Avoiding Loan Modification Scams

Real Estate Agent with Keller Williams Advantage II Realty

In the serious economic downturn, which has hit the housing market especially hard, there is more and more opportunity for the less scrupulous to prey upon the vulnerable. It's not difficult to imagine that a person looking at a foreclosure is willing to try almost anything to avoid losing their home, and while lack of money may be the problem to begin with, it often seems like a worthwhile investment to put down a certain amount of cash in order to ensure that you don't lose your home in the meantime. However, there is absolutely no reason to, and there's a good chance whoever you're sending your money to is attempting to simply take it with nothing in return.

Yesterday the FTC (Federal Trade Commission) settled with several companies involved in loan modification scams. Essentially what they would do is contact people who were in danger of losing their house and offer to negotiate with their lender in order to change the loan so that it would be easier to pay off, at least in the short term. They would be willing to do all of this for a small, up-front fee, usually anywhere from $3,000 to $5,000, and could guarantee that in all or most cases, you'd get a modification, or you would get your money back. Needless to say, nobody, or hardly anybody received either a loan modification or a refund.

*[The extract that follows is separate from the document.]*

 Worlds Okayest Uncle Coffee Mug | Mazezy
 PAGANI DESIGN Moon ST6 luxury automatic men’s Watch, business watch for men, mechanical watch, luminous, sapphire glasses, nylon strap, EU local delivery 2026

While it is unlikely that there will come a time when people don't try to take advantage of the situations of others, there are things that you can do to protect yourself.

First, before working with any company that does loan modifications, check to see if they have any reports on them with the Better Business Bureau, the Consumer Federation of America, your state department of consumer affairs, and your state's attorney general's office. Odds are that you are not the first person to be hit with this scam, and if this company has done this before, there's a good chance there is a record on file indicating whether further action is being taken against them and for what purpose.

Next, don't seek a loan modification from unsolicited sources. Emails, fliers, etc., are generally the sign of people floundering around looking for somebody that will fall for their scam. Also, keep an eye out for spelling and grammar mistakes, which generally indicate the company is less than professional. Also, if the company claims to have access to government resources that only they can get to, then it's a scam. The government is owned by the people, and programs are designed to be accessed by anybody without the need for a third party.

Speaking of third parties, avoid any claim that involves your personal information being given to a third party and “passed on” to somebody else who will contact you later. You're just giving away your personal information at that point. Also, if you encounter pushy sales people using scare tactics ("If your house is foreclosed on tomorrow, we can't help you any more") to try to get you to sign something or send a check immediately, they are not there to help you. In fact, a loan modification service shouldn't ask you to pay a dime, seeing as how there are several free services available that will try to help you, such as makinghomeaffordable.gov.

Ultimately, loan modifications can only do so much to help, and if you succeed in getting one, take that opportunity and time to pursue a short sale. Moving to a less expensive house is the best way to make sure that you can afford it. Talking to a real estate agent can help you better understand what your options are, if your modification can help you or if you're better off with a short sale and finding someplace else to live. Either way, it's important to be vigilant against those who are not there to help you, only take advantage of you. Keeping your eyes out and doing your homework will help incredibly.

Informed decisions lead to brighter outcomes.

Posted by

Ray Lopez

Keller Williams Advantage II Realty

12301 Lake Underhill Rd Ste 111

Orlando, FL  32828



Comments (3)

Charlie Ragonesi
AllMountainRealty.com - Big Canoe, GA
Homes - Big Canoe, Jasper, North Georgia Pros

On our radio show, and to clients we always talk about these scams and tell folks to go to the .gov site. It is so sad to see down and out folks taken advantage of like this.

Jul 30, 2010 10:14 AM
Jean Hanley
Coldwell Banker Kivett Teeters - Hemet, CA
Specializing in Folks Who Want To Buy/Sell Homes

I cannot tell you how many folks have asked me for advice on their loan modification gone bad.  Of course, I cannot offer advice, but I can sure give my opinion.  It is amazing how many people still don't know that you should NOT give money up front to get a modification.

Jul 30, 2010 10:17 AM
Ray Lopez
Keller Williams Advantage II Realty - Orlando, FL

Charlie, you're right, it is sad. It makes me angry sometimes just to think about the people who get away with this stuff, or get caught and move on to something else. At the very least we can try and inform as many people as possible and make it harder for the ones that do these sorts of things.


Jean, I get them a lot too, which is why I wrote this. We live in a society where we're taught that you don't get anything for nothing, so it's sometimes pretty easy to convince people that a "small" outlay of money will pay off in the long run. The worst part is that by the time they ask about these sorts of things, it tends to already be too late.